At the March for Our Lives, Emma Gonzalez spoke for about two minutes, mostly naming the students and teachers who were shot and killed in her Florida high school on February 14. Then she went silent. Four minutes later she spoke again: “Since the time I came out here it has been six minutes and 20 seconds…” — the length of time the gunman shot his weapon that day.
Emma’s silence was unbearable for the crowd. They tried to end it with chants of “never again” or “we’re with you Emma.” To no avail.
The earliest Easter narrative is about silence, beginning with the horror of the Good Friday’s violence and continuing to an empty tomb. Like the crowd in Washington, we cannot bear the silence. We try to end it with a fairy tale suitable for the youngest of children complete with flowers, bunnies and colorful eggs. To no avail. The Good Friday violence continues to be suffered by so many around the world.

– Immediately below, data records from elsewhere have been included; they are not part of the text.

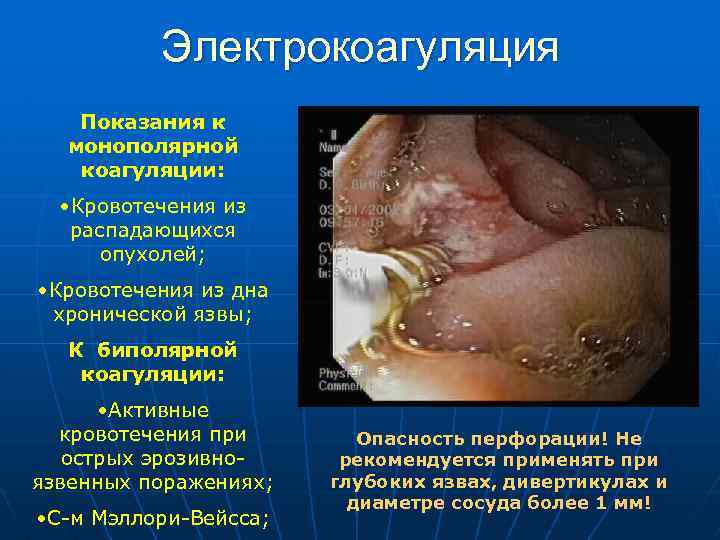Электрокоагуляция Показания к монополярной коагуляции: • Кровотечения из распадающихся опухолей; • Кровотечения из дна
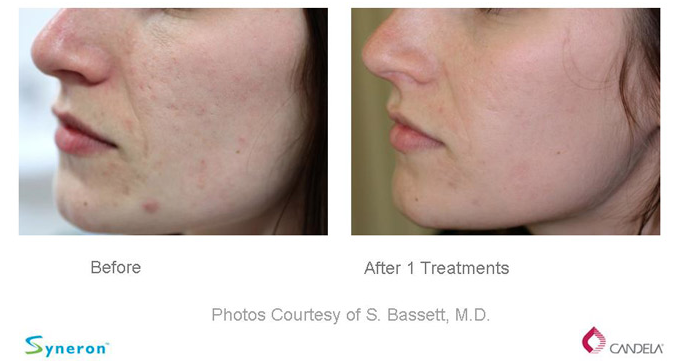 Before and After - Sublative Rejuvenation-eMatrix 1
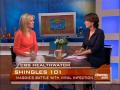 Shingles Virus Explained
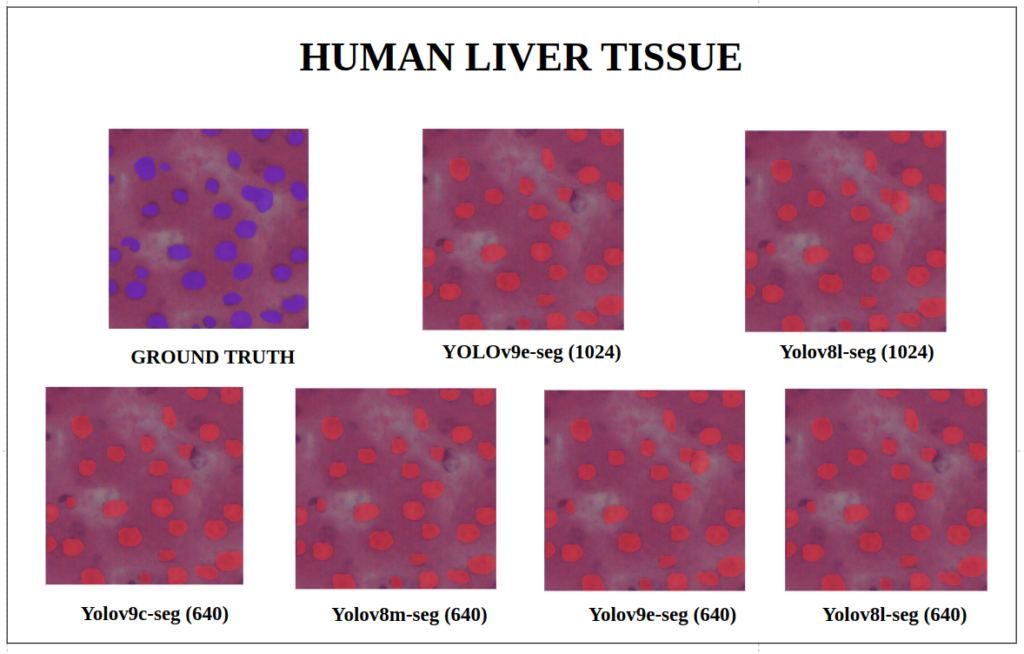 yolov9 instance segmentation -Human Liver Tissue - YOLOv9-seg v/s YOLOv8-seg Instance Segmentation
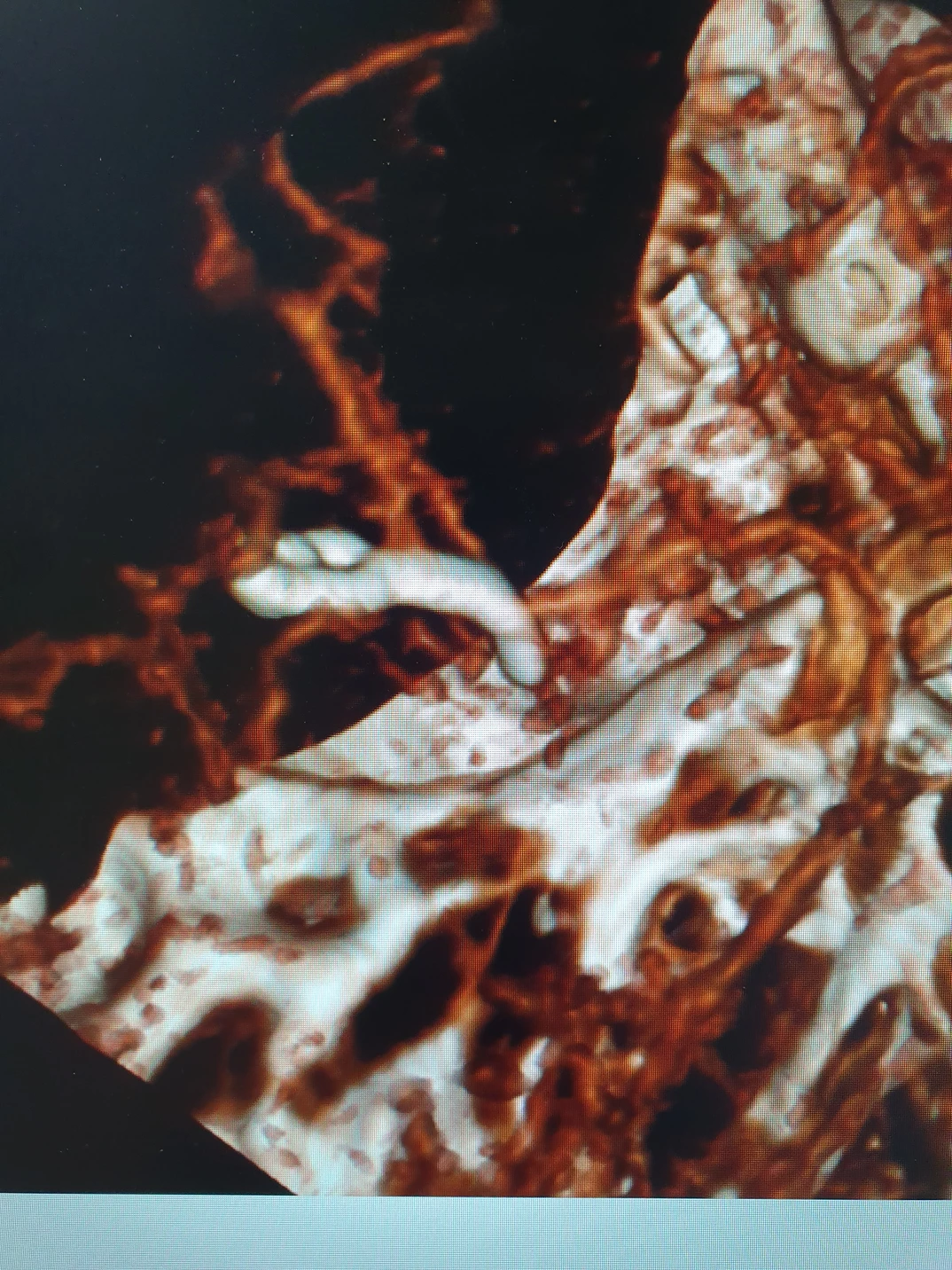 Challenging cases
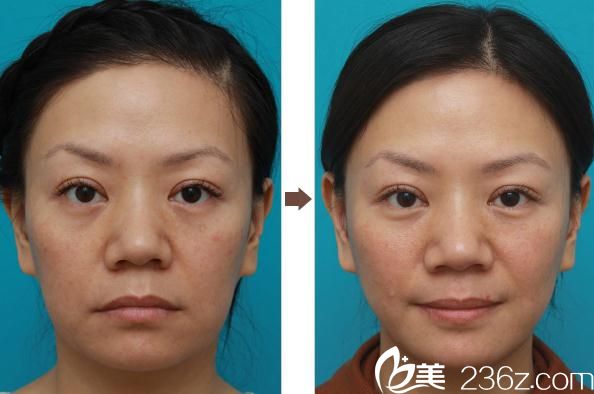 面部拉皮手術(shù)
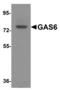 Growth Arrest Specific 6 antibody, LS-B13094, Lifespan Biosciences, Western Blot image 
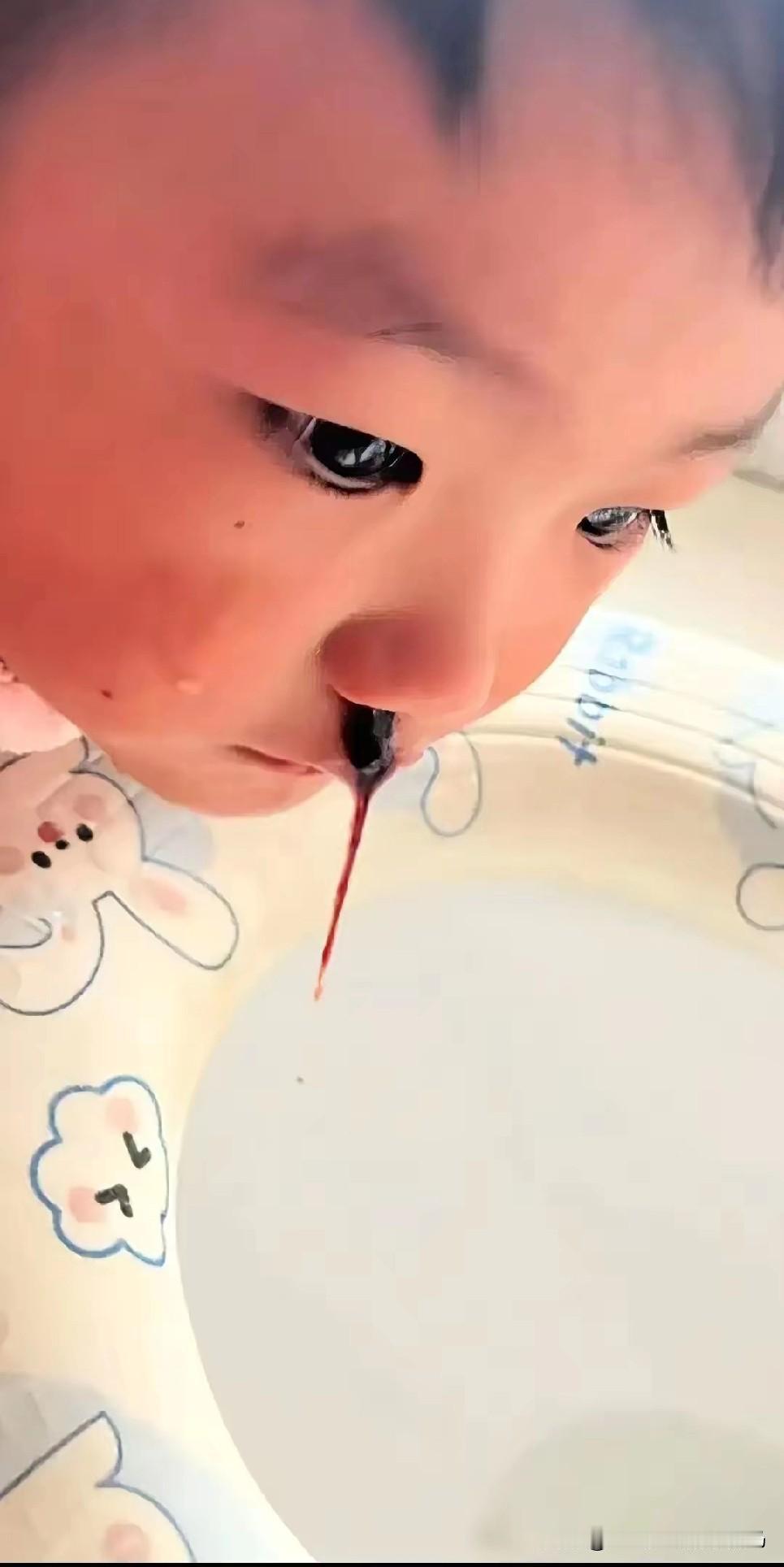 震惊了！河南周口，七岁男孩前后连着高烧，半夜枕头上全是鼻血，妈妈抱着去市里儿童医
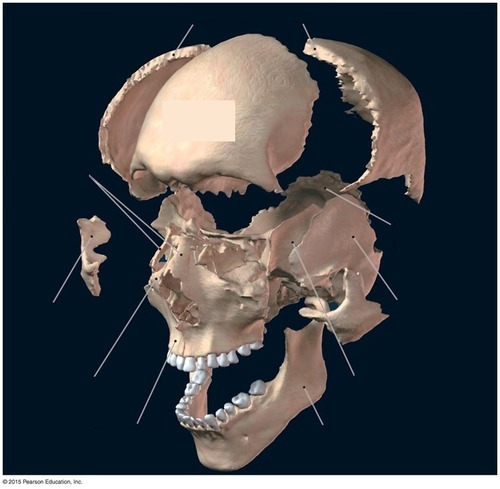 Skull — Bone Identification — Right Parietal bone, fully labeled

Like Emma’s silence, the liturgical silences we begin Palm Sunday and Good Friday enable us to receive and hear the testimony of the victims of violence in its many forms. Their testimony, their cries, are not easy to listen to. The silence in which they emerge is not easy to bear. But unless we learn to bear those silences, it is unlikely we will find the courage to change anything.
This is not to say that we should not, on an Easter Sunday, be glad, make noise and sing songs. But if we do, let it not be because “the strife is o’er.” Let it be because we are willing to bear the silence and receive its testimonies. Let it be because we know the strife is not over, and because we are resolved to do what it takes to bring the victory of real change.